| Thread Closed |
Give use your best perpetual motion device ideas! |
Share Thread | Thread Tools |
| Jun19-04, 11:34 PM | #35 |
|
|
Give use your best perpetual motion device ideas!
what types of forces are universal? heat doesn't work in cold, centripetal doesn't work without gravity (or does it?). i can only think of gyroscopic and i don't even know if thats a force at all. apparently i do not know many forces. there needs to be a force to create continuous energy right?
|
| Jun19-04, 11:42 PM | #36 |
|
|
I don't know if there is a strict definition of "Perpetual Motion Machine". People who look back over the history of the attempts to make one have come up with classifications of them, from what I understand.

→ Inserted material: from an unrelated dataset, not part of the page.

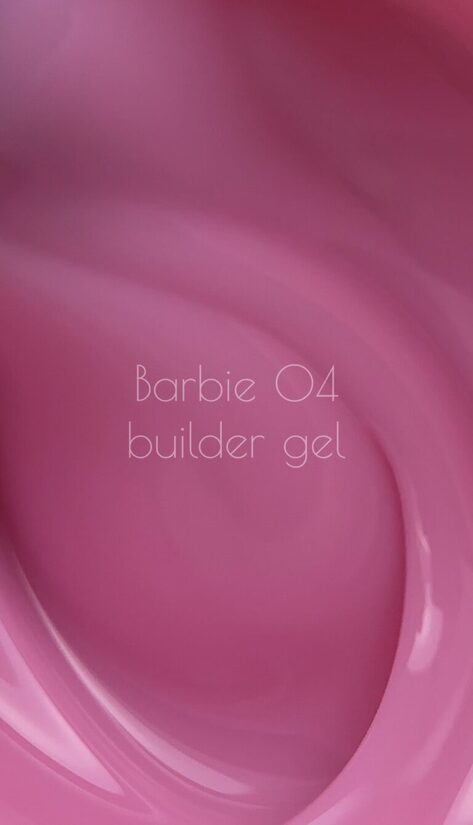 VEGA Barbie Builder Gel 04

It seems to me that to qualify, a thing would have to be a man made device, as opposed to something that already exists in nature. And it would have to both require no fuel imput and be capable of producing useful work. I think that gravity and magnets are perfectly acceptable, and even desirable, since so many perpetual motion machines have been attempts to get work by kind of tricking these forces into being unbalanced or intermittant. |
| Jun19-04, 11:49 PM | #37 |
|
|
so you couldn't just have this thing that moves forever; you have to be able to tap energy out of it? what would determine it as useful?

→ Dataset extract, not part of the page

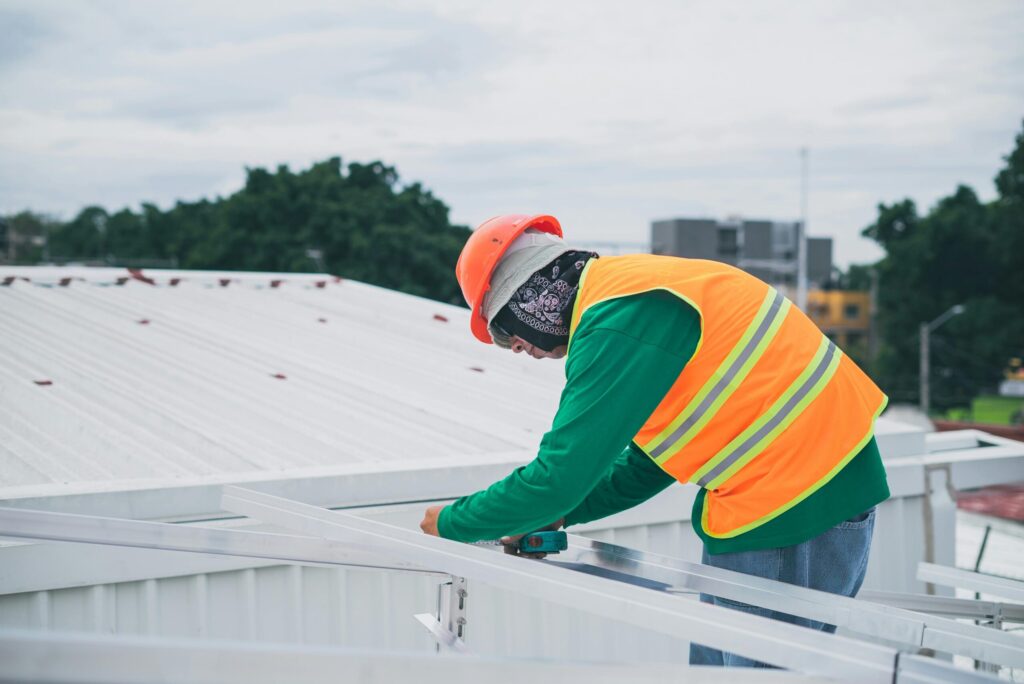 Roof Inspection 3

what if you have a device thats so perfectly designed that when you apply something to use the energy its producing it stops working correctly? |
| Jun19-04, 11:49 PM | #38 |
|
|
yeh, if you can get something to work using gravity, magnetism, or buoyancy then you're golden.

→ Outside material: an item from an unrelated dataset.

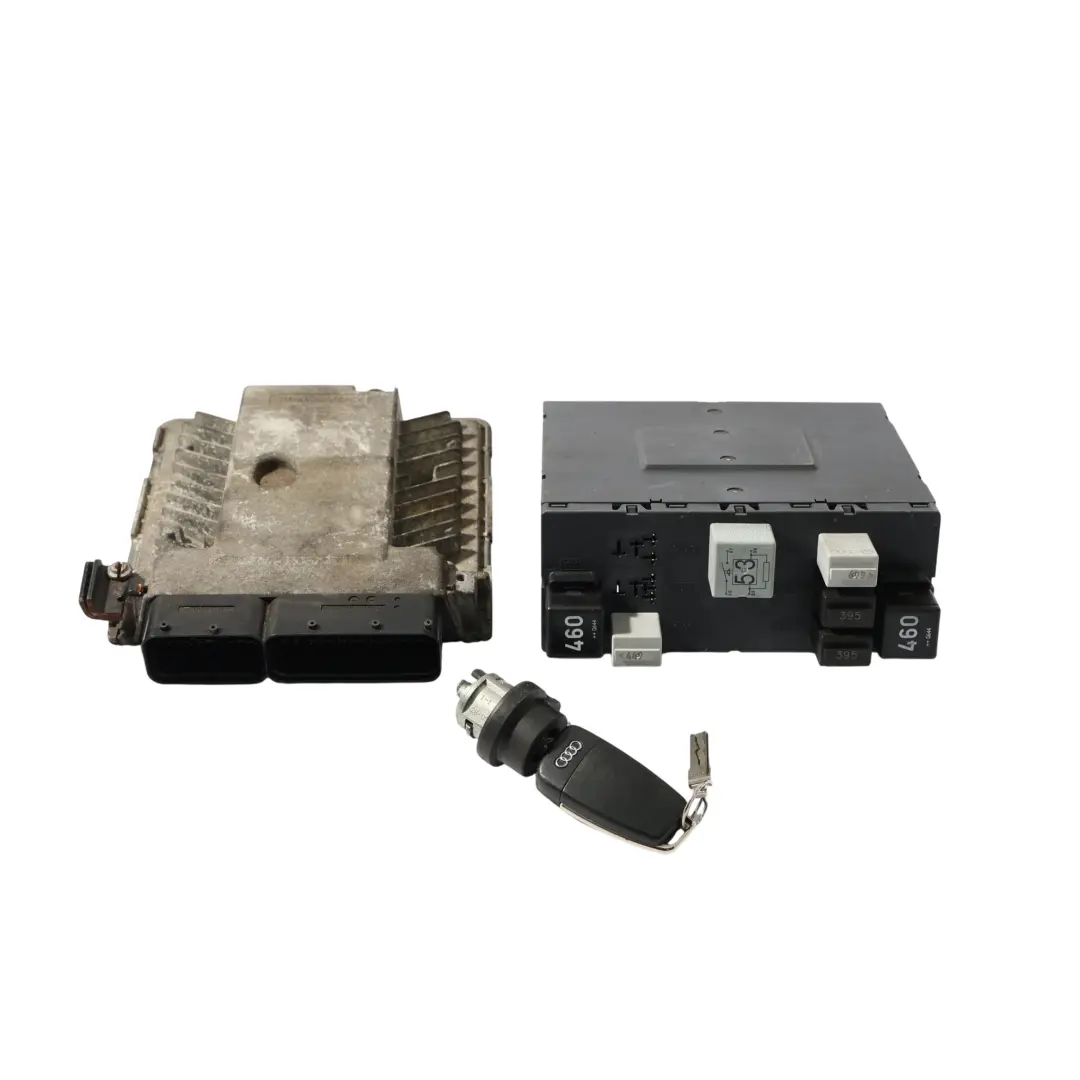 170CH Module Commande Moteur ECU BMN Manuel pour Audi A3 8P 2.0 TDI à propos du numéro de pièce 03G906018DN Audi A3 8P 2.0 TDI 170CH Module Commande Moteur ECU BMN Manuel - SKU 03G906018DN-3 - Numéro de pièce 03G906018DN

the problem is, getting something that emits a constant force to DO something is always a one way ticket, so to speak :| good luck, guys |
| Jun19-04, 11:51 PM | #39 |
|
|
well if you can get something to perpetually motion here on earth that's a start.
since there is no "frictionless" here, you must be getting SOME energy out of it to keep it moving. you don't even have to try and "tap" the energy out of it, just accomplish that first step, preferably on something larger than a molecular level ;D |
| Jun20-04, 12:03 AM | #40 |
|
|
bouncy: ingenious. this should be a fun thought to toy around with during the summer (perhaps longer). keep posting ideas and further definitions of a perpetual motion device.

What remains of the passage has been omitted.